Heads up everyone - found Duke Energy Ohio billing commercial accounts for PIPP (Percentage of Income Payment Plan) surcharges when they shouldn't be. PIPP is supposed to be residential-only per Ohio Revised Code 4928.52. Caught this on a manufacturing client's bill - they're getting hit for $127/month on a 500 kW account under tariff DP. The charge shows up as "PIPP Adj" but there's no legal basis for commercial PIPP charges. Anyone else seeing this in Ohio?
Duke Energy Midwest unauthorized PIPP charges
Cecilia, that's a significant error. PIPP cost recovery is supposed to come from residential customer charges and a small universal service fund. Commercial accounts should never see PIPP line items. What's Duke's explanation when you contacted them? This could be a billing system error affecting hundreds of accounts.
Dale, Duke's customer service rep had no clue what I was talking about. Escalated to their commercial billing department and they're "investigating." Meanwhile the charges keep showing up monthly. I've pulled the PUCO tariffs and there's definitely no provision for commercial PIPP recovery. This looks like a systematic billing error, not a one-off mistake.
Similar issue down here with Alabama Power, but different program. They were billing industrial accounts for "Low Income Weatherization" charges that are supposed to be residential-only. Took 6 months and a PSC complaint to get refunds. Document everything and file with PUCO if Duke doesn't fix this quickly.
Terrence is right about documentation. We had Santee Cooper billing commercial accounts for residential energy efficiency program costs. The key is getting the utility to admit the error in writing, then demanding refunds with interest.

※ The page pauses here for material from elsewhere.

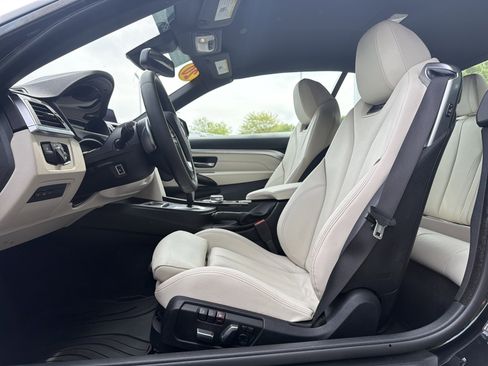 Used 2020 BMW 440i xDrive Convertible w/ M Sport Package image 16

These "mistakes" are usually profitable until someone calls them out.
Update: Duke finally admitted the PIPP charges were applied incorrectly due to a "billing system configuration error" during their recent software upgrade. They're crediting affected accounts going back 6 months. Still waiting on interest calculations. Lesson learned - always scrutinize bills after utility system changes.
Great outcome Cecilia! Six months of overcharges at $127/month per account adds up fast. Did Duke provide a list of all affected customers or are you having to identify them individually? This is exactly why we need to stay vigilant on these regulatory cost recovery mechanisms.
Duke claims they're "automatically identifying and crediting" all affected accounts, but I don't trust their billing system accuracy given this error. I'm recommending all our Ohio commercial clients review their bills for any PIPP-related charges. The total overcharge could be in the millions across Duke's commercial customer base.
Cecilia, you might want to reach out to other auditing firms in Ohio. If this is affecting hundreds of accounts, a coordinated complaint to PUCO could get better results than individual customer complaints. Safety in numbers when dealing with utility overcharges this size.
This is why automated billing systems are dangerous without proper oversight. Utilities rush to implement new software but don't test edge cases like program-specific charges. Always worth checking bills extra carefully for 3-6 months after any utility announces "system improvements."
Excellent detective work Cecilia. These billing system errors are becoming more common as utilities upgrade their ancient mainframe systems. The good news is once you catch one error, there are usually others hiding in the same system. I'd recommend reviewing all rider and surcharge categories on Duke commercial bills, not just PIPP. You might find more gold in them hills.